The freeway traffic was light as we made it across town. We were all fairly hungry, making sure to eat light before heading off, our group having adopted the chef’s credo on dining out: Test the kitchen and order everything! Kam Hong Garden was also cash only, so, on top of ordering everything it was a good idea to bankroll our stomachs with the necessary form of tender, a la an ATM. Once inside the benign and inexpensive restaurant, we took our seats and studied the menus. Since we were there for the noodles, it did not take us long to sort out the entrées and choose the dishes. While ordering, we were told a couple of times that we had substantial amount of food, but we ignored our servers’ concerns and continued piling on the items to her chagrin (but not in spite!).

We had put in for three soups and three other dishes, covering our bases by ordering diversely, spicy seafood with pulled noodles, hot and sour with pulled noodles, house specialty with knife cut noodles, dumplings and two additional noodle plates with pork and beef.
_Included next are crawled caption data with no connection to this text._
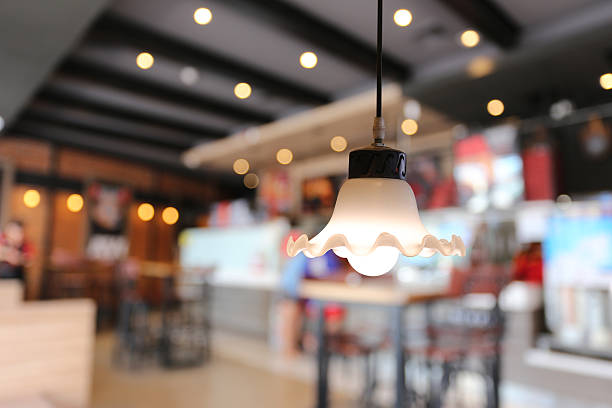 istock Warm lighting modern ceiling lamps in the cafe. 614745148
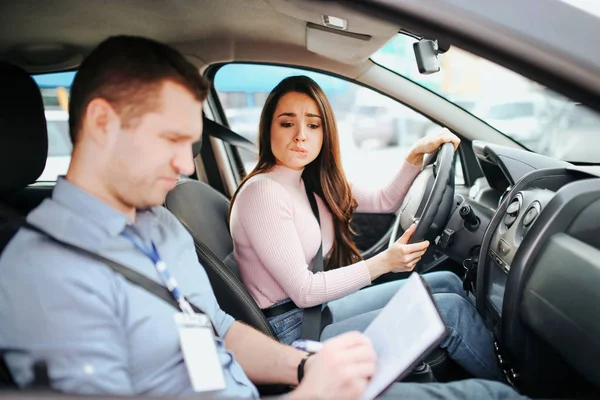 Hombre auto instructor toma examen en mujer joven. Mujer joven preocupada mirar los resultados de las pruebas. Tomando las manos en el volante. El hombre confundido mira hacia abajo. Luz del día . — Foto de Stock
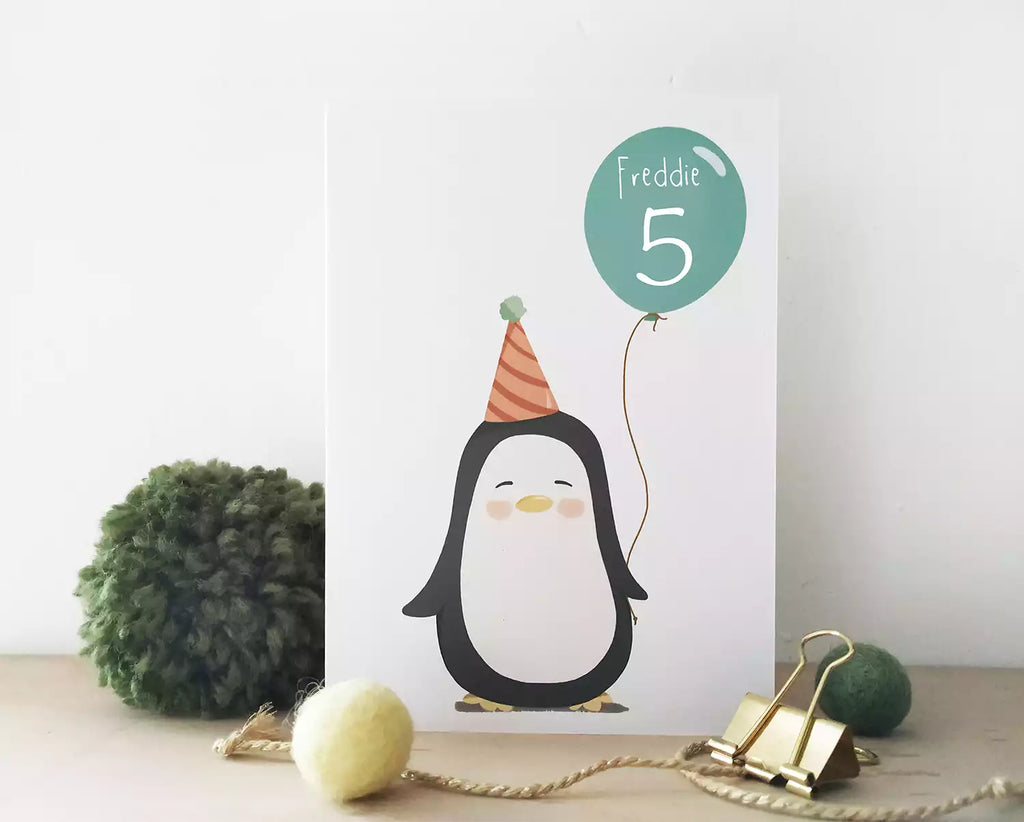 birthday card with a penguin holding a balloon. personalised with name and age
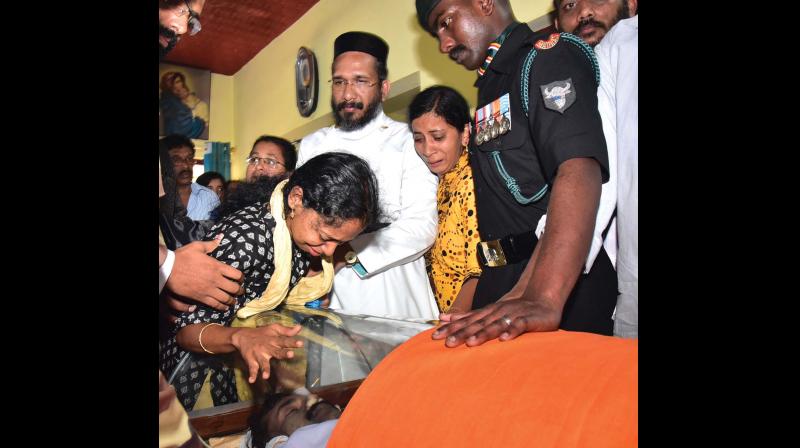 Wife of martyred jawan Sam Abraham pays last respect at his home at Ponakam near Mavelikara  on Monday. (Photo: DC)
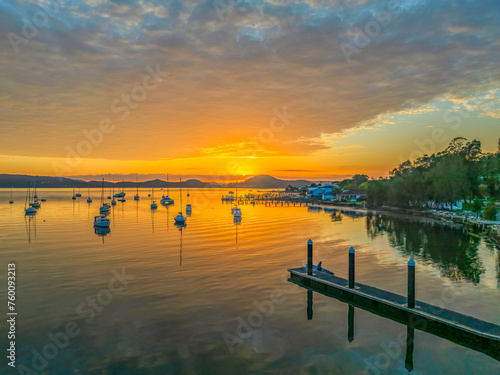 Aerial sunrise over the water with boats and clouds © Merrillie
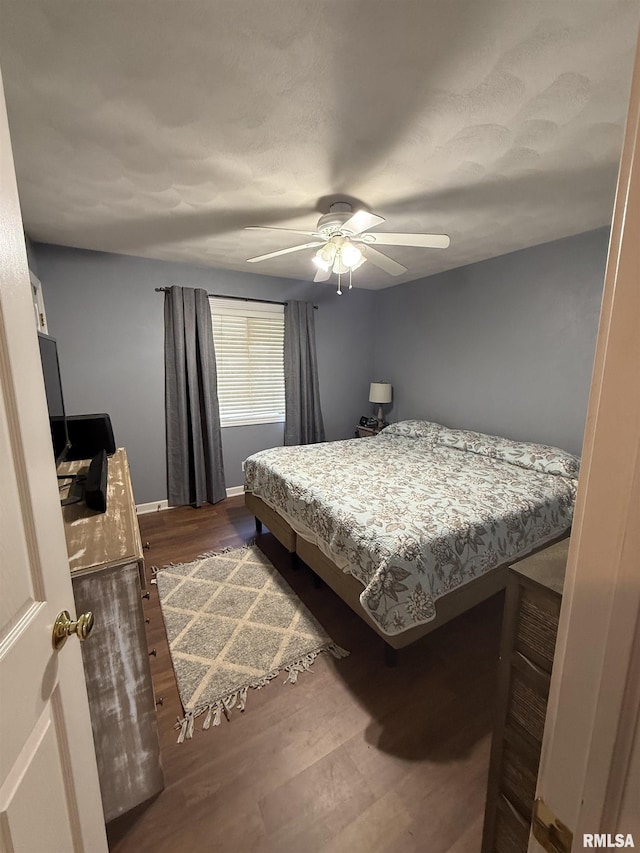 172 E Meadow Ln, Walcott, IA 52773 - bedroom with dark wood-type flooring and a ceiling fan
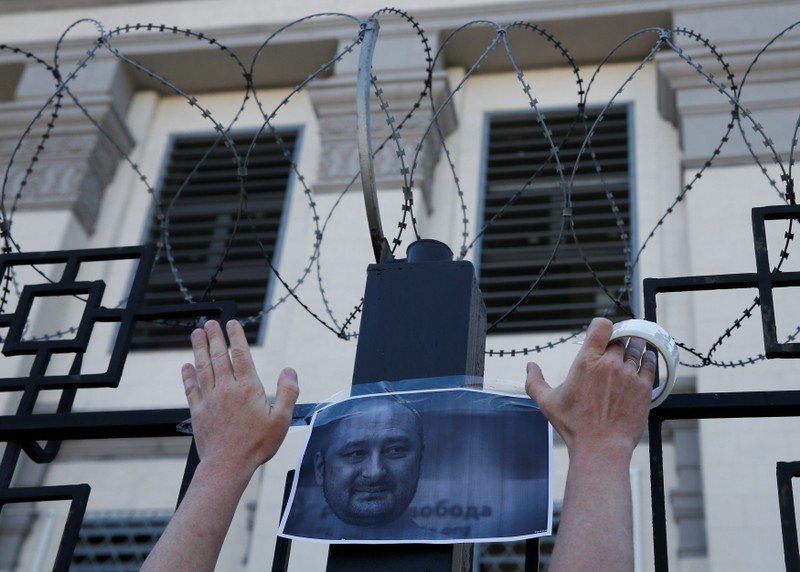 A man hangs a picture of Russian dissident journalist Babchenko, who was shot dead in the Ukrainian capital on May 29, on a fence of the Russian embassy in Kiev
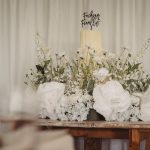 Wedding cake with white floral arrangement on table.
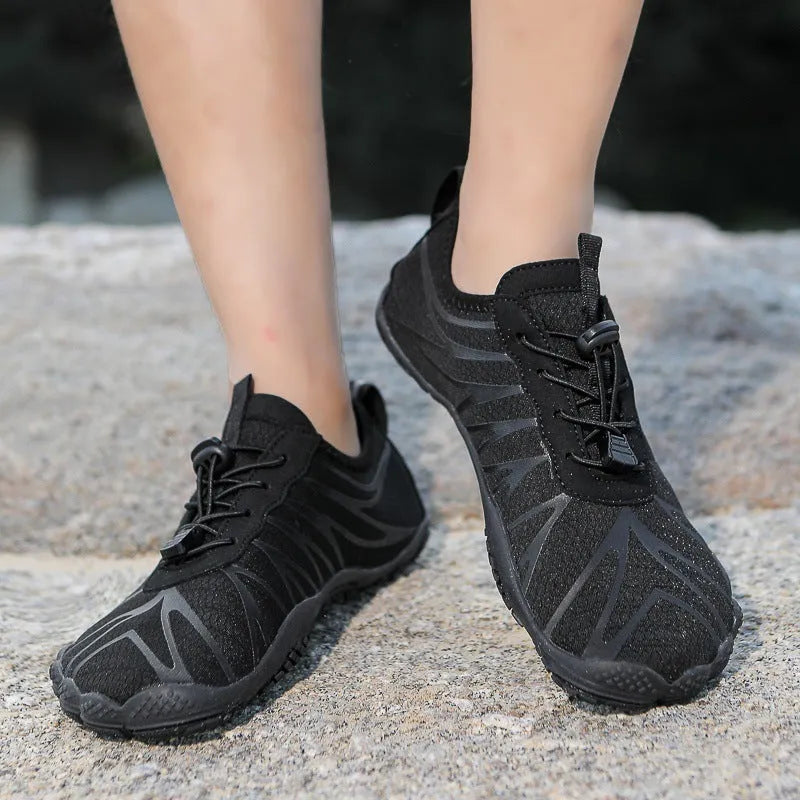 Breathable men's and women's low-top running shoes in a colour option with a lace-up front and rubber sole.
The menu items trickled in and before us stood three mammoth soup bowls, each enough to warrant their own ample meals. By the time all the courses made the table we garnered some stares from the stoic occupants of the restaurant and curious eyes of the chef darting over the partition in the front of the eatery. We shoveled and divvied up portions, making concise motions and trying to be deft with the chopsticks as we fetched endless noodles from their voluminous containers. Once we plated our foods we gorged ourselves, sensibly. It was at this time that we began the pairing of the 2007 Beck-Hartweg Alsace Grand Cru Riesling Frankstein (#172). The wine was surprisingly full; the alcohol boosted the body of the Riesling, which made it a more harmonious pair with the savory plates of noodles. The wine faired well with nearly all the dishes but shined brightest with a couple of the soups. Its intense acidity was balanced and the prominent flavor of fresh squeezed lime juice squeegeed the salinity and played clean-up duty on our tongues.

The dumplings were fantastic and their accompanying black vinegar dipping sauce was delectable. The hot and sour soup was gelatinous, its texture was unlike any soup—Chinese or not—that I have had the pleasure of tasting. Just about every dish hit my fancy and that went for my compatriots as well. We had picked a range of foods that presented different textures, spices and levels of flavors to hit the umami factor. We were pleased with the treasure trove of items and the bantam prices that accompanied the food. We were loaded with portions that could comfortably feed six people for a just shy of forty dollars. No doubt this was an economic hotspot.

Almost wholly satisfied, we were looking to continue our fortune by stopping off at a couple local Chinese bakeries, down the street, to appease our sweet tooth.  We ate our savory desserts on the road as we headed west on the 10 Freeway. It was an affordable outing that was more than rewarding; Kam Hong Garden refreshed my view of Chinese food and the bounty of grub paired beautifully with the Riesling. Monterey Park was not a destination for me prior to eating here, but after tasting just one of a multitude of restaurants I cannot wait to go back and try many more eateries off Garfield Avenue when I am craving Chinese fare.